Deputy Secretary of State Tony Blinken told PJ Media the U.S. government is pushing “every single day” on the sidelines of nuclear negotiations for Iran to release the U.S. citizens held hostage in the country.
Jake Sullivan, who is reportedly advising the Obama administration on the Iran negotiations and kick-started the process while at the State Department, declined to comment on the talks. Sullivan is an adviser to former Secretary of State Hillary Clinton’s presidential campaign and a likely pick for national security advisor in a Clinton administration.
“We work on that every single day. This has been the only other issue that we have consistently raised even in the context of these talks because we’ve tried to make sure that these talks were focused exclusively on the nuclear program,” Blinken said after his speech at the Center for a New American Security annual conference.
“But the only other issue we have consistently raised with the Iranians is the American citizens who are being unjustly held in Iran.
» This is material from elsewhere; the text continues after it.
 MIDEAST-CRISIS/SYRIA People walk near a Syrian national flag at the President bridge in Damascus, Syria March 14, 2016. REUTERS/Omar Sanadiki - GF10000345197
And so there’s an intense focus on that and, as I mentioned in my remarks, we’re determined to bring them home,” he added.
The Americans being held captive in Iran are Saeed Abedini, Amir Hekmati and Jason Rezaian. Bob Levinson went missing off the coast of Iran eight years ago and his family received photos and video of the former FBI agent in captivity.
Blinken told the audience a comprehensive deal has not been reached yet.
“We may not get one if we can’t get to where we need to be on some of the core issues,” he said. “But we continue to believe that the very best way to prevent Iran from having a nuclear weapon is through a verified, negotiated agreement that resolves the international community’s concerns about Iran and as a practical matter, makes it impossible for Iran to develop the fissile material for a weapon without us being able to see it and to stop it.”
Blinken set out to correct the “myths” floating around about the negotiations.
“The deal that we’re working to achieve will not expire. There will not be a so-called ‘sunset.’ Different requirements of the deal would have different durations, but some – including Iran’s commitment to all of its obligations under the Non-Proliferation Treaty, including the obligation not to build a nuclear weapon, as well as the tough access and monitoring provisions of the Additional Protocol – those would continue in perpetuity,” he said.
If Iran fails to comply with the international community’s requirements, Blinken assured the public the U.S. government would know about it right away.
He said the government would have “plenty of time to respond diplomatically” or by other means if necessary.
“Most of the sanctions would be suspended – not ended – for a long period of time, with provisions to snap back automatically if Iran reneges on its commitments,” he said.
Sullivan was part of a panel discussion at the conference before Blinken’s remarks. According to the Associated Press, Sullivan has played a key role in the Obama administration’s negotiations over the Iran deal. He avoided questions about the talks and Clinton’s campaign.
“I was just doing the event. I’m not doing any reporters’ questions,” he told PJ Media, referencing the potential Iran deal. “I’m a private citizen so that’s why I don’t want to do any interviews on the subject, because at the moment I’ll just leave it to the team who is negotiating and let them do both — the negotiating and the public talking.”
Sullivan was also asked how Clinton should differentiate herself from Senator Bernie Sanders (D-Vt.), who is gaining in recent polls.
“You are good. Honestly, I give you lots of credit for persistence. I’m all for that, but I honestly came to the panel and not to do any interviews so I’ll leave it at that,” he said.